Par la suite, Fichte va revenir sur cet optimisme des Lumières, en croisant l’œuvre de Machiavel. Selon Fichte devenu machiavélien, il n’est plus possible au Prince de se présenter en disant : « J’ai cru à l’humanité, j’ai cru à la fidélité et à l’honnêteté. » Cela, le particulier peut le dire ; si ainsi il va à sa perte, c’est sa perte qu’il cause ; mais un prince ne peut le dire, car lui ne perd pas personnellement, et ce n’est pas seul qu’il va à l’échec (…) qu’il n’expose pas la nation, en se fiant à une telle croyance, car il n’est pas juste que celle-ci, et avec elle peut-être d’autres peuples, et avec eux peut-être les biens les plus nobles que l’humanité ait acquis en un combat millénaire, soient mis en péril, uniquement pour qu’il puisse être dit de lui qu’il a cru en l’humanité » (Sur Machiavel écrivain et sur les passages de ses oeuvres, 1807).
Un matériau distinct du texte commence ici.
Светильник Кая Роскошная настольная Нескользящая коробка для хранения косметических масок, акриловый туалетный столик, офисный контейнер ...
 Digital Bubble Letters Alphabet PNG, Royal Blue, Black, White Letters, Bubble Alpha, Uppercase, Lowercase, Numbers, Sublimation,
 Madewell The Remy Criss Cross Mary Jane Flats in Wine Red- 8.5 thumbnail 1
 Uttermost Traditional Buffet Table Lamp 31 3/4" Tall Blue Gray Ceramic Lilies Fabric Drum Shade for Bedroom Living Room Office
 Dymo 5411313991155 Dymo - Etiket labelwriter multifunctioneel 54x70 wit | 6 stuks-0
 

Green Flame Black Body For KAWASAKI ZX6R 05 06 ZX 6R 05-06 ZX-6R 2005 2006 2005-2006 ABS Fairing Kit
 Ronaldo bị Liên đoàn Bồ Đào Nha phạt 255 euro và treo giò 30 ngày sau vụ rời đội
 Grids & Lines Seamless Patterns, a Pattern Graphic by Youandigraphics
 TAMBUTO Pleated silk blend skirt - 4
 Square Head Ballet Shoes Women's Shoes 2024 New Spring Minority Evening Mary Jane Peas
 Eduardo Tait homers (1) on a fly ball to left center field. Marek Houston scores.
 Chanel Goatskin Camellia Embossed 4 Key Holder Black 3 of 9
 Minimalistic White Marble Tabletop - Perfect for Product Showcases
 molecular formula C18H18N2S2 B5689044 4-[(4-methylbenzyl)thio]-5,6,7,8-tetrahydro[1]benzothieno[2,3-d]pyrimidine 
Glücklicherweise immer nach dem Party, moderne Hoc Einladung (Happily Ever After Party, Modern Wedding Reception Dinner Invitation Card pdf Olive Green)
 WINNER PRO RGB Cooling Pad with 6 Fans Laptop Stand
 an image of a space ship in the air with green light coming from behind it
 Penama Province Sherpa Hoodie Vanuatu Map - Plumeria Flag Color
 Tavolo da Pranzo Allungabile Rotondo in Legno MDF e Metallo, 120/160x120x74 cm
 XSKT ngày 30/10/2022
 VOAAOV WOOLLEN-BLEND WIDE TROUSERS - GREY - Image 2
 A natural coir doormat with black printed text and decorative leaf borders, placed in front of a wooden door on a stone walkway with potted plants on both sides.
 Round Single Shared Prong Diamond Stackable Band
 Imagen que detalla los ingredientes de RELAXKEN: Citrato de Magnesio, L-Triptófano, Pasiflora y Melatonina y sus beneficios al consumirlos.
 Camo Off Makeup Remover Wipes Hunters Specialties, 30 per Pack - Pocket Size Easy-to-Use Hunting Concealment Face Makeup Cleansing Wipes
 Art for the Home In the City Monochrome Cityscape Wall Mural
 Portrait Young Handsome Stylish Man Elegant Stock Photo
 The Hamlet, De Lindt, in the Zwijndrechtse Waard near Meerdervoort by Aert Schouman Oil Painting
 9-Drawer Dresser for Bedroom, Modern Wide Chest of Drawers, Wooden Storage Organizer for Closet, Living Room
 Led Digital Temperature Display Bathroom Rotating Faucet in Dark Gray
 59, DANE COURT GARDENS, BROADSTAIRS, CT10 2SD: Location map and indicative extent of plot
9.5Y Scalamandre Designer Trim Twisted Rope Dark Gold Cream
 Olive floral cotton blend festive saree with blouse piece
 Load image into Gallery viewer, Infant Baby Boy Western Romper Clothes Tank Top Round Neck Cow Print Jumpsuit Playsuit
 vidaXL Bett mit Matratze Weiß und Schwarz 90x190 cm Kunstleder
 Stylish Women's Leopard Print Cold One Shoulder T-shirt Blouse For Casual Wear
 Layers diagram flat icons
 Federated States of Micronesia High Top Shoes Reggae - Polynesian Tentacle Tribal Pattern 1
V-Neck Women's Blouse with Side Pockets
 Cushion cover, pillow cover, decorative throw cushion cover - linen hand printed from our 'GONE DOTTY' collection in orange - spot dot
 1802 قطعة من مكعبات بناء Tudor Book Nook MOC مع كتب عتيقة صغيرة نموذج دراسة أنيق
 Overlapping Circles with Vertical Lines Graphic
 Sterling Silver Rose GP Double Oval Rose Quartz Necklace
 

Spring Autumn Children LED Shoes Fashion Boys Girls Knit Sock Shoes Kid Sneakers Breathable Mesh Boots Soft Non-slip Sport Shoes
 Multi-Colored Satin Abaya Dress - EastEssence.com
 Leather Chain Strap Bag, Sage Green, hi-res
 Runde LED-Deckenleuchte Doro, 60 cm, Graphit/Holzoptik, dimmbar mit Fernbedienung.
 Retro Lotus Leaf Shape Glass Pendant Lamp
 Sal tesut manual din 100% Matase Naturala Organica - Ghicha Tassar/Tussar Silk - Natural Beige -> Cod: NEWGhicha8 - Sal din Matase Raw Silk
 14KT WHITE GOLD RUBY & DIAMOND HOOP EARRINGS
Comme Barnes la Tendresse, l’expérience des saloperies humaines, comme des faiblesses de tout un chacun, conduit Fichte à sacrément tempérer son optimisme humaniste de départ. Et, pour le philosophe, une trop grande naïveté apparaît encore moins admissible à l’échelle politique de l’organisation de la cité qu’à un niveau individuel, car les conséquences peuvent se révéler désastreuses sur de nombreux individus. Toutefois en route, Fichte semble avoir abandonné le pari d’une humanité meilleure.

Le dessèchement cynique risque de frapper à la porte.
Alors jeune con idéaliste ou vieux con cynique ? La voie suivie par la Tendresse, un peu malgré lui, ballotté par les circonstances, semble pouvoir, dans son caractère cahoteux, ses tiraillements, son équilibre bancal, nous sortir de cette bie pauvre alternative si souvent rejouée dans l’horizon des désillusions humaines.